In [28]:
import spacy
import pandas as pd
import os
import sys



BASE_PATH = os.path.abspath(os.path.join('..')) # base path of project

file_path = BASE_PATH + '/data/raw/amazon_reviews_us_Electronics_v1_00.tsv'

raw_data = pd.read_table(file_path,error_bad_lines=False, nrows=100)

#review_body = raw_data['review_body']
reviews = raw_data[['review_id', 'review_body']]
nlp=spacy.load("en_core_web_lg")


In [29]:
def apply_extraction(row,nlp):
    review_body = row['review_body']
    review_id = row['review_id']

    doc=nlp(review_body)


    ## FIRST RULE OF DEPENDANCY PARSE -
    ## M - Sentiment modifier || A - Aspect
    ## RULE = M is child of A with a relationshio of amod
    rule1_pairs = []
    for token in doc:
        if token.dep_ == "amod":
            rule1_pairs.append((token.head.text, token.text))
            #return row['height'] * row['width']

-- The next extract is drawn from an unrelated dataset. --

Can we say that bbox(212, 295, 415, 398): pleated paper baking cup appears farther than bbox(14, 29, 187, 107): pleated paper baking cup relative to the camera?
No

    ## SECOND RULE OF DEPENDANCY PARSE -
    ## M - Sentiment modifier || A - Aspect
    #Direct Object - A is a child of something with relationship of nsubj, while
    # M is a child of the same something with relationship of dobj
    #Assumption - A verb will have only one NSUBJ and DOBJ

    rule2_pairs = []
    for token in doc:
        children = token.children
        A = "999999"
        M = "999999"
        for child in children :
            if(child.dep_ == "nsubj"):
                A = child.text
            if(child.dep_ == "dobj"):
                M = child.text
        if(A != "999999" and M != "999999"):
            rule2_pairs.append((A, M))


    ## THIRD RULE OF DEPENDANCY PARSE -
    ## M - Sentiment modifier || A - Aspect
    #Adjectival Complement - A is a child of something with relationship of nsubj, while
    # M is a child of the same something with relationship of acomp
    #Assumption - A verb will have only one NSUBJ and DOBJ

    rule3_pairs = []

    for token in doc:

        children = token.children
        A = "999999"
        M = "999999"
        for child in children :
            if(child.dep_ == "nsubj"):
                A = child.text

            if(child.dep_ == "acomp"):
                M = child.text

        if(A != "999999" and M != "999999"):
            rule3_pairs.append((A, M))

    ## FOURTH RULE OF DEPENDANCY PARSE -
    ## M - Sentiment modifier || A - Aspect

    #Adverbial modifier to a passive verb - A is a child of something with relationship of nsubjpass, while
    # M is a child of the same something with relationship of advmod

    #Assumption - A verb will have only one NSUBJ and DOBJ

    rule4_pairs = []
    for token in doc:


        children = token.children
        A = "999999"
        M = "999999"
        for child in children :
            if(child.dep_ == "nsubjpass"):
                A = child.text

            if(child.dep_ == "advmod"):
                M = child.text

        if(A != "999999" and M != "999999"):
            rule4_pairs.append((A, M))


    ## FIFTH RULE OF DEPENDANCY PARSE -
    ## M - Sentiment modifier || A - Aspect

    #Complement of a copular verb - A is a child of M with relationship of nsubj, while
    # M has a child with relationship of cop

    #Assumption - A verb will have only one NSUBJ and DOBJ

    rule5_pairs = []
    for token in doc:
        children = token.children
        A = "999999"
        buf_var = "999999"
        for child in children :
            if(child.dep_ == "nsubj"):
                A = child.text

            if(child.dep_ == "cop"):
                buf_var = child.text

        if(A != "999999" and buf_var != "999999"):
            rule3_pairs.append((A, token.text))

    aspects = []
    aspects = rule1_pairs + rule2_pairs + rule3_pairs +rule4_pairs +rule5_pairs
    dic = {"review_id" : review_id , "aspect_pairs" : aspects}
    return dic


In [31]:
review_decomp = reviews.apply(lambda row: apply_extraction(row,nlp), axis=1)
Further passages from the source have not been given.